The need for primary-school teachers is expected to drop by 4,000 by 2030 in Finland, shows a new study by Perlacon. (Vesa Moilanen – Lehtikuva)


ALTHOUGH THE AGEING of the Finnish population has been the subject of widespread public discussion for quite some time, the projections remain sobering: the number of working-age people is to decrease by 70,000 and that of over 74-year-old people by 280,000 by 2030.

This is highlighted in a study conducted on commission from the Association of Finnish Municipalities by Perlacon, a Finnish consultancy specialising in municipal finance and administration.

The objective of the study was to examine the changes required in municipal services and their costs in all municipalities and regions in mainland Finland in 2018–2030.

Perlacon concluded that the change is massive especially in light of the short, 10-year time frame, saying that the changes in age groups are currently “larger, more expensive and more difficult to manage than ever before”.

One way to illustrate the extent of the change is to juxtapose the decrease in the need for school and kindergarten teachers with the increase in the need for elderly care professionals.

The study found that the need for early-childhood education professionals will drop by 8,000 and that for primary school teachers by 4,000 in Finland by 2030. Accelerating population change, meanwhile, will create a demand for 14,000–16,000 new pairs of hands in the field of elderly care in the 2020s.

The number of children in early-childhood and basic education is projected to drop in, for example, South-west Finland. Kari Häkämies, a mayor at the Regional Council of South-west Finland, conceded that the slumping birth rate will force municipalities to cut from education and invest in elderly care.

“It though it feels harsh to say, municipalities have to cut personnel in child and youth services and increase add personnel in elderly services,” he said.
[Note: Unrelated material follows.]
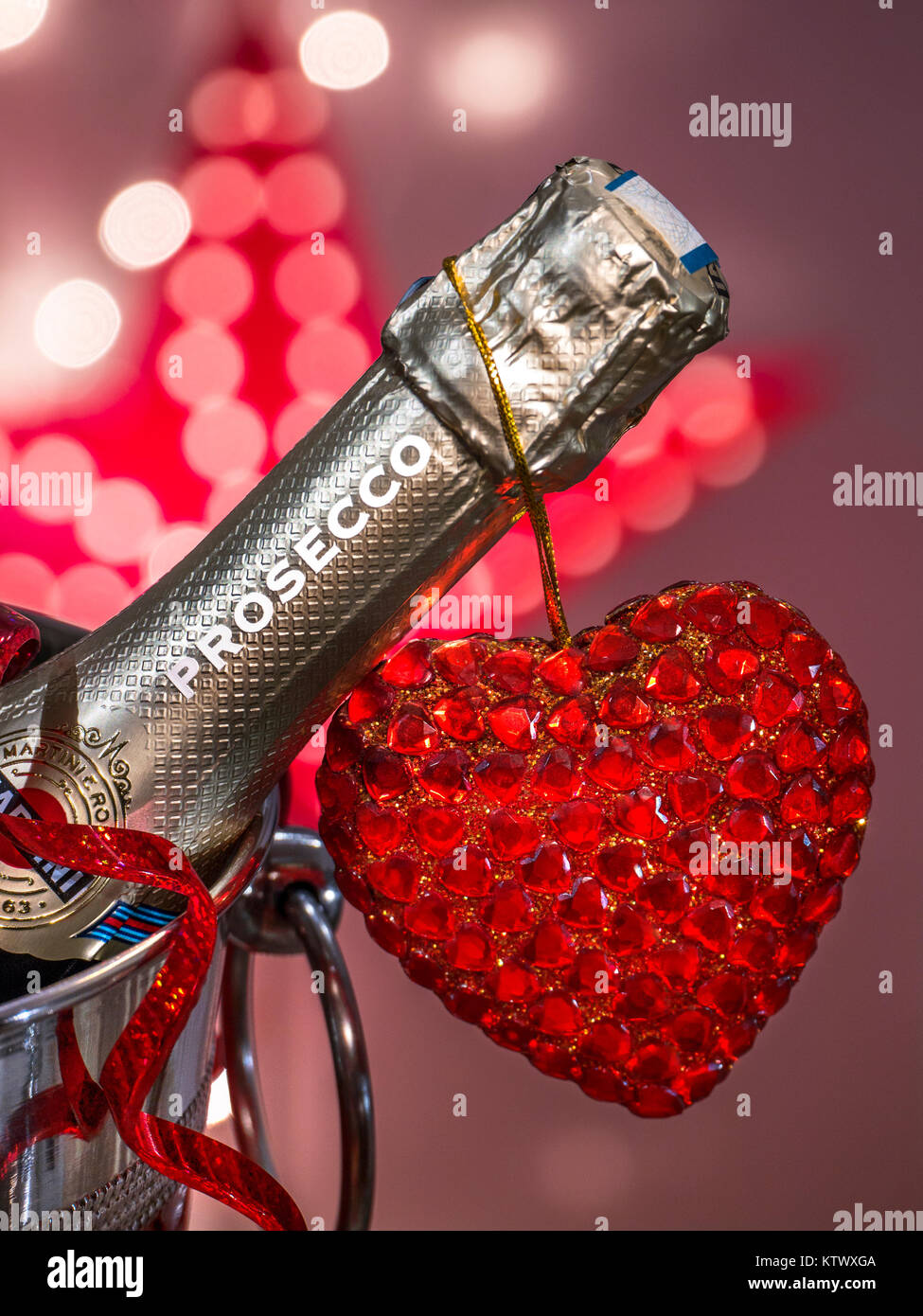 PROSECCO LOVE ROMANCE PARTY LIGHTS Prosecco bottle on ice in wine cooler with  party streamer & sparkling love heart and celebration lights Stock Photo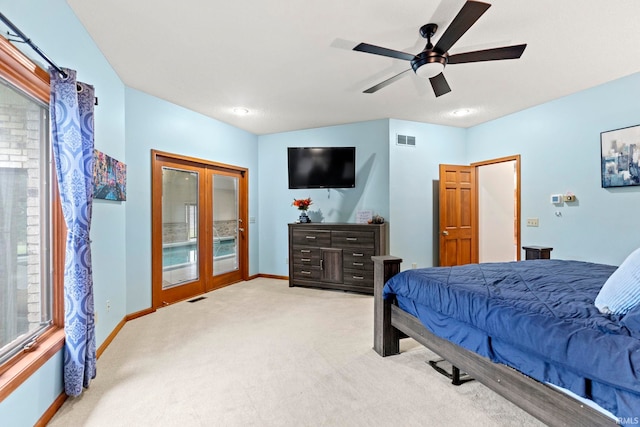 15 Saint Emily Dr, Huntington, IN 46750 - bedroom with light colored carpet, access to exterior, french doors, baseboards, and ceiling fan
“Perlacon’s study indicates that there will be around 900 too many early-childhood and basic education teachers [in South-west Finland] in 2030. Meanwhile, there will be a shortage of roughly 1,500 nurses.”

The adaptation is made slightly easier by the fact that, nationwide, around 17,000 employees in the field of early-childhood education and 12,000 employees in the field of basic education are expected to retire by the end of the newly started decade. Another facilitating factor is the differences in wage structures: while primary school teachers earn 56,000 euros and kindergarten teachers 39,000 euros, elderly care professionals earn 38,000 euros.

Perlacon calculated that the necessary increase in elderly care professionals will cost 600 million euros, while the cuts in early-childhood and basic education will create savings of 550 million euros.

The study also indicates that although the birth rate will continue to slide in all regions in the 2020s, the population will continue to grow in Uusimaa, Pirkanmaa and South-west Finland.

The Association of Finnish Municipalities (Kuntaliitto) reminded that regions with net migration gains will see an up-tick in costs due to the rising demand for services and the little tax revenue brought by young people.

“The costs can turn into revenues over time, if the young people end up staying in the area, gradually start to pay more taxes and use less services,” it added.

The demographic changes will also have an impact on the investments and fixed asses of municipalities. Population-loss areas will see buildings become vacant, while population-growth areas will have to invest a total of three billion euros in construction – two-thirds of which is accounted for by Uusimaa.

Kuntaliitto also expressed its confidence that population ageing will not topple municipal finances as long as municipalities react to the changes quickly and overhaul their service structure in the next 10 years.

“Adjusting is possible, but the window will only be open for a short time,” emphasised Timo Reina, deputy managing director at Kuntaliitto.